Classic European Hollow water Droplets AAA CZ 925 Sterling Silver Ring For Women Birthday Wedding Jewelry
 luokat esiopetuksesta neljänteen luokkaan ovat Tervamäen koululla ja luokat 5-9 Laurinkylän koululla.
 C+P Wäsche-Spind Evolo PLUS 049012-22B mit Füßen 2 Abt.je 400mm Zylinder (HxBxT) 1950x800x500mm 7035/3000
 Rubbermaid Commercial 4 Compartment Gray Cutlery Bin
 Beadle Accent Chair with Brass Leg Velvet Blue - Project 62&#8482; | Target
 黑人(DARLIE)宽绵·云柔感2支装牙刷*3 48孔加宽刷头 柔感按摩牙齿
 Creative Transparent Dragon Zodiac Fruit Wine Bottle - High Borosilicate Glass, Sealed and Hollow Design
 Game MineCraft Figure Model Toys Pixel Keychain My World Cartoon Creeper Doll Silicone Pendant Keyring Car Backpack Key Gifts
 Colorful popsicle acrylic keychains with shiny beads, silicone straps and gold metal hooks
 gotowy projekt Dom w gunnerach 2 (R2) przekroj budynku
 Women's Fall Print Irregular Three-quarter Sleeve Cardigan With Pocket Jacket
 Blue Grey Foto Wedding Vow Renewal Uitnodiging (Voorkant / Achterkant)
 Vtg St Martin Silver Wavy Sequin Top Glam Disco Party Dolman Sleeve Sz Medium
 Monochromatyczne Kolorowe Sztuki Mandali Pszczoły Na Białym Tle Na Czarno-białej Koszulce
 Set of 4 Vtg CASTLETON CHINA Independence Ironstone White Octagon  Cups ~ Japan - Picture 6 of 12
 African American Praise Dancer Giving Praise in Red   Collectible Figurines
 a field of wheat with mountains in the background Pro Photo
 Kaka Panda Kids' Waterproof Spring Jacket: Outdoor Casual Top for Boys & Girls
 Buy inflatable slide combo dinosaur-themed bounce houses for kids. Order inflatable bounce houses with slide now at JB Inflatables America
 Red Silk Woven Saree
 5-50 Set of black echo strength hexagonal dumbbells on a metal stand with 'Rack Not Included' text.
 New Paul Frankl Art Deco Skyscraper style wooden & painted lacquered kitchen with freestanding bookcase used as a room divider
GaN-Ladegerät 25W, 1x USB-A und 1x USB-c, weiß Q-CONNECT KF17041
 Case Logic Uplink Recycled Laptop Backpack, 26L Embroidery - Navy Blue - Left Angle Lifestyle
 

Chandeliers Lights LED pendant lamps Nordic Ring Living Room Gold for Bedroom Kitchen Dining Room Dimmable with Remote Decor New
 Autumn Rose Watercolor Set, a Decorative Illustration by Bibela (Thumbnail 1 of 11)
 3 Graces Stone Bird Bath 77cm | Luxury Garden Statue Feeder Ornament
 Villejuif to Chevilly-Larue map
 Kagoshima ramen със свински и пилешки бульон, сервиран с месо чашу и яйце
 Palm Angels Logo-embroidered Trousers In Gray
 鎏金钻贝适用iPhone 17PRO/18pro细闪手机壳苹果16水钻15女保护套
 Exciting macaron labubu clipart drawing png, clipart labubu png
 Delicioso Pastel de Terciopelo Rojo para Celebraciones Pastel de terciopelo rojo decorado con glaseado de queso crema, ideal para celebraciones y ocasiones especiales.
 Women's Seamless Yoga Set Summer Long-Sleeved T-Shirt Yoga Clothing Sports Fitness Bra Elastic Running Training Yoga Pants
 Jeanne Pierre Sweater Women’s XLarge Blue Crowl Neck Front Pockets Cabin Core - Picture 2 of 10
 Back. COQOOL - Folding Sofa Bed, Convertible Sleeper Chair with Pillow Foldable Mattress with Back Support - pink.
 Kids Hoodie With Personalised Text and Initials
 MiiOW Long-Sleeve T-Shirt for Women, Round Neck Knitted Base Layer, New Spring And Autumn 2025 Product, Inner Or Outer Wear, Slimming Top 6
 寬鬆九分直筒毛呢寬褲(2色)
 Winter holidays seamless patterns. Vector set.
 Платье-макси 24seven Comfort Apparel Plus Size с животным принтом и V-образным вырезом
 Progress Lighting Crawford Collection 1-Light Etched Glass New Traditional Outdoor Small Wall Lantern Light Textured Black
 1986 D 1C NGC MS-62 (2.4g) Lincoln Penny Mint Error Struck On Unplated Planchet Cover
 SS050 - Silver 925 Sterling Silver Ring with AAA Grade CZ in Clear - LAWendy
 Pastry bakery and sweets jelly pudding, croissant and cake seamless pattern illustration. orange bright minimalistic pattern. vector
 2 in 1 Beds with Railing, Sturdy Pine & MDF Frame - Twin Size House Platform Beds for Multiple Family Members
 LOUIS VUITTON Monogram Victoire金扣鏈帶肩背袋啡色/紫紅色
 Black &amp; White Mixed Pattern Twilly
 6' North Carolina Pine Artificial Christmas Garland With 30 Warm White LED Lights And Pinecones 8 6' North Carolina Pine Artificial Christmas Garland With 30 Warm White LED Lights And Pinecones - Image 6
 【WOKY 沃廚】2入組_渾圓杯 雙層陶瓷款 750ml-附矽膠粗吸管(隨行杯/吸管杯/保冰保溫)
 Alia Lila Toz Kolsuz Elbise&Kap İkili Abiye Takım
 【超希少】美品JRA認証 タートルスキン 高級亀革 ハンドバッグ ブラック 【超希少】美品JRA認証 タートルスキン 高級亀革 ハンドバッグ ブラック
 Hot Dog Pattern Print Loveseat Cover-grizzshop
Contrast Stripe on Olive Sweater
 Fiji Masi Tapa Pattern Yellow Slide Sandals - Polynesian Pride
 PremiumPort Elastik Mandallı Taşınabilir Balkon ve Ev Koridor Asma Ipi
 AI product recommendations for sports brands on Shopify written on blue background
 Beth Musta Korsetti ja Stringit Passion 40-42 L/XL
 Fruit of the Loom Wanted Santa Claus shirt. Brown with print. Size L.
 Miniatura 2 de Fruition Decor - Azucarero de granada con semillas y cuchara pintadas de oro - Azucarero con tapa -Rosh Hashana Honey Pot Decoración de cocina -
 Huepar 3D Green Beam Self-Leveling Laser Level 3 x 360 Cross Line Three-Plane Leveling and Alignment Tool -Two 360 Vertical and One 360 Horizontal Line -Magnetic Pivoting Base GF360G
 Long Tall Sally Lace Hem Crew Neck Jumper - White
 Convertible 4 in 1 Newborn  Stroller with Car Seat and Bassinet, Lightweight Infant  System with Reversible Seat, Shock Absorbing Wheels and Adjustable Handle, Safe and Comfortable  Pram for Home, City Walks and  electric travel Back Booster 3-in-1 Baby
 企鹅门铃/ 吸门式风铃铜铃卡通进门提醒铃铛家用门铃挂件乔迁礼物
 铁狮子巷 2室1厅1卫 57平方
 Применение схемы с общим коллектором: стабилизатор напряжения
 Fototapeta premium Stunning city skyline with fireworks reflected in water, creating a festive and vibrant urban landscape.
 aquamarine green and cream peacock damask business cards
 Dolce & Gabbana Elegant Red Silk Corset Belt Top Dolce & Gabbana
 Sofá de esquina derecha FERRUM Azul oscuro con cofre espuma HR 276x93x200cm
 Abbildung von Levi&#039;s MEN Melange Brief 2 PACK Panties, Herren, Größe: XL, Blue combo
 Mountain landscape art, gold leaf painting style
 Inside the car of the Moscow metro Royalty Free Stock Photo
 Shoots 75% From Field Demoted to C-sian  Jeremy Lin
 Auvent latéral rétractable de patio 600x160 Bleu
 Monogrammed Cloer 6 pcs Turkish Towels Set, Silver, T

◆ Task
Each line in the entries above that includes the string "Wedding" should be extracted.

◆ Task answer
Classic European Hollow water Droplets AAA CZ 925 Sterling Silver Ring For Women Birthday Wedding Jewelry
 Blue Grey Foto Wedding Vow Renewal Uitnodiging (Voorkant / Achterkant)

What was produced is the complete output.